Each block, therefore, consisted of five distinct phases of behaviour. In the first phase ‘acquisition 1’ the participant explored the outcomes relating to selection of the different patterns. In the second phase ‘criterion 1’, the participant settled on selecting repeatedly the same pattern that they deemed most likely to lead to positive feedback. In the third phase ‘contingency change’ the rule defining which pattern was most likely to lead to positive feedback changed, and the participant determined, on the basis of the negative feedback, that a change in behaviour would lead to a more rewarding outcome. This third phase culminated in a reversal event in which the participant inhibited the dominant routine response to the previously rewarded pattern and started selecting one of the other patterns. The participant then entered the fourth phase ‘acquisition 2’ in which they explored the new outcomes when selecting the patterns, subsequent to which they entered the fifth and final ‘criterion 2’ phase of consistently responding to the pattern that led to the most rewarding outcome. Only those blocks in which all five phases were successfully completed were included in the event related fMRI analysis.
In half the blocks, although three patterns were presented on the screen, only two were available for selection since one of them was considered inactive, denoted by being covered in small crosses. Although any responses to the inactive pattern were recorded they did not lead to any change of the display. These blocks alternated such that after participants had completed a block of trials using 3 available patterns, they would begin a block with only 2 patterns available. This manipulation was intended to examine differences in neural response associated with the degree of choice available to the participant at the point of reversal. However, as no significant results were associated with this manipulation it will not be discussed further here.

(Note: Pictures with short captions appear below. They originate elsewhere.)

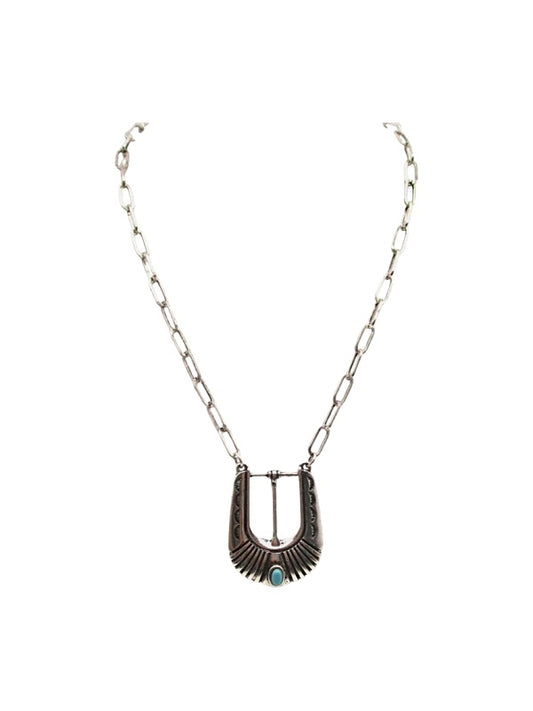 Western Belt Buckle Turquoise Look Necklace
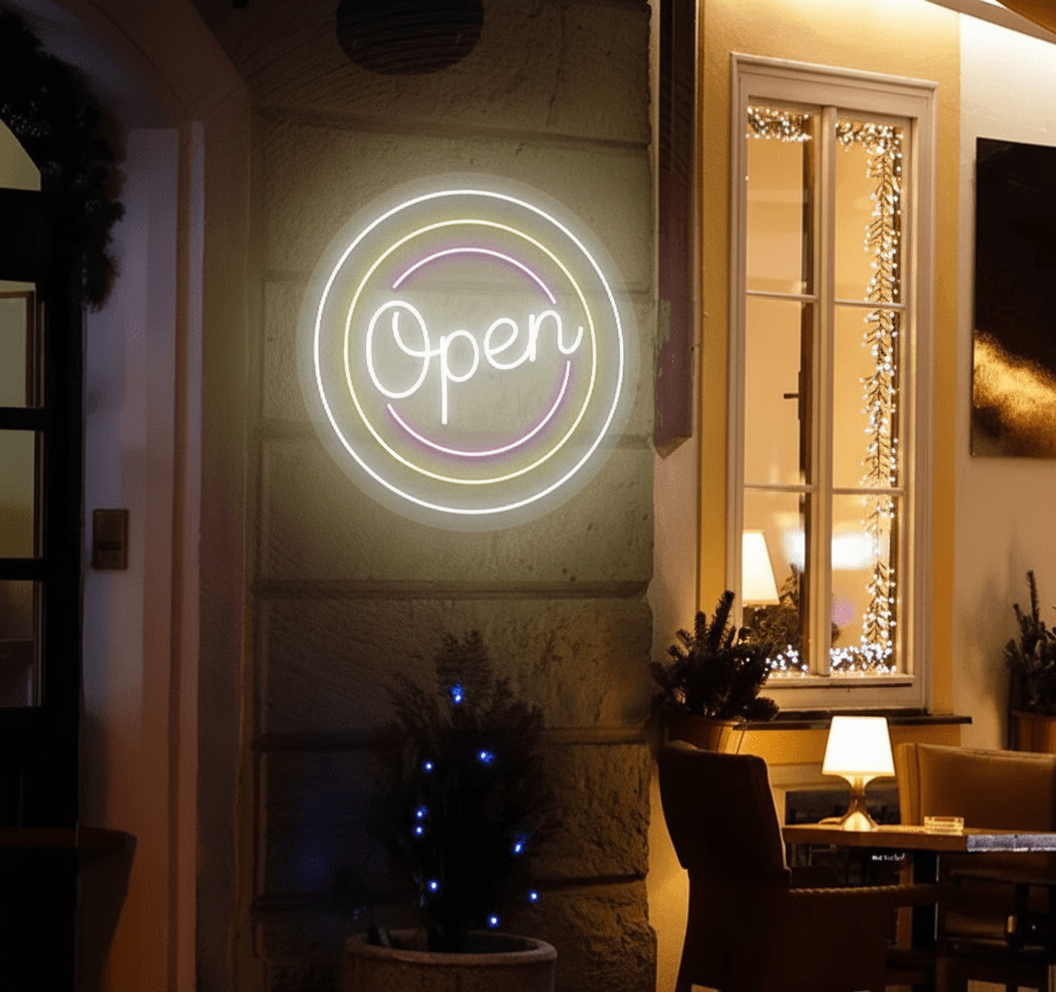Circle Colorful Open Neon Sign Shop Decor Led Sign - Image 2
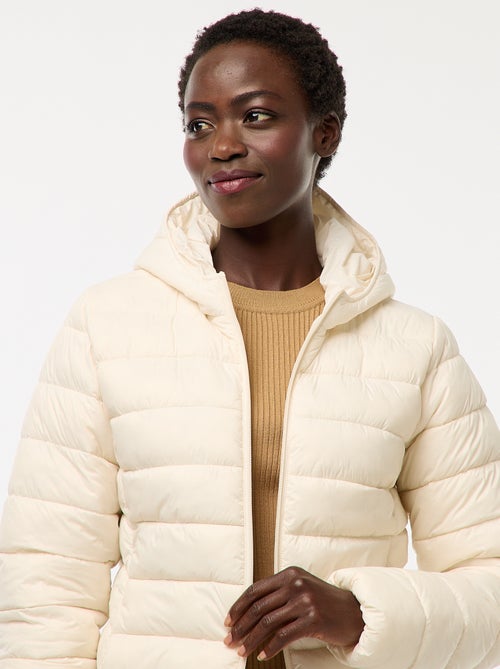 Doudoune légère à capuche unie - Kiabi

The attractive and unattractive face stimuli were presented as colour images with direct eye gazes. To ensure similarity in emotional facial expression only faces with neutral to mild smiles were included in the stimulus set. Faces were scanned from print media, obtained from other researchers (O'Doherty et al., 2003) or selected from databases available online (Computer Vision Laboratory Face Database, University of Ljubljana (Solina et al., 2003)). Images were cropped to have little or no hair and were placed on a grey background. In total 214 images were prepared and these were presented to 13 males who met the criteria for scanning but who did not take part in the experiment. These males rated the faces on a visual analogue scale (VAS). The faces were presented individually in a randomised order on a computer screen above the VAS, which was anchored on the left as ‘Unattractive’ and the right as ‘Attractive’. All ratings were normalised to the length of the scale and faces subsequently used in the scanning task were those with a mean rating above 0.6 (125 images), defined as attractive, and those with a mean rating below 0.5 (51 images), defined as unattractive.
Participants were presented with instructions, both verbally and in written form, immediately before commencement of the training session. Care was taken to ensure that participants were not explicitly made aware of the attractiveness of the faces they viewed.
‘You will be presented with three patterns on the screen. Selecting one of the patterns will result in a picture being displayed on the screen and the type of picture will depend on the pattern you have chosen. There are no right or wrong answers in this task. Whenever a new set of patterns appears, you are asked to try them all and after that, you are free to choose which type of picture you wish to view. On some trials, you may notice that one of the patterns is covered in crosses. This means that the particular pattern is not active and trying to select it will not result in viewing a picture. In this case, please make your choices from the remaining two patterns.’
In addition, participants were verbally reminded: ‘When you see a new set of patterns, please select each available pattern at least once. This is to make sure you have sampled all of the available patterns. After this you may continue selecting patterns according to your own preferences. Please pay attention to the images in case things change as you go along’.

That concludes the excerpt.